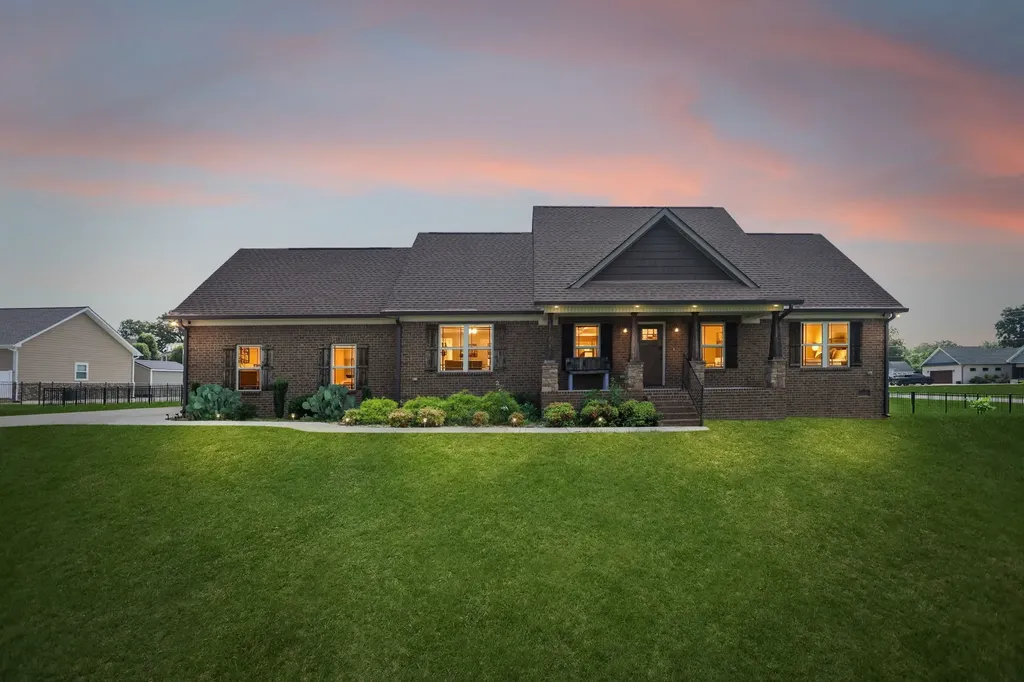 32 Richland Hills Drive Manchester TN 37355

---

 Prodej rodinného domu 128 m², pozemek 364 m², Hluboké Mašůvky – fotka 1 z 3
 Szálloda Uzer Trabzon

:: Task statement ::
Please copy the lines in the records above between the one holding "Prodej rodinného domu" and the one holding "Szálloda Uzer Trabzon", inclusive, exactly and with no other line.

:: Expected answer ::
 Prodej rodinného domu 128 m², pozemek 364 m², Hluboké Mašůvky – fotka 1 z 3
 Szálloda Uzer Trabzon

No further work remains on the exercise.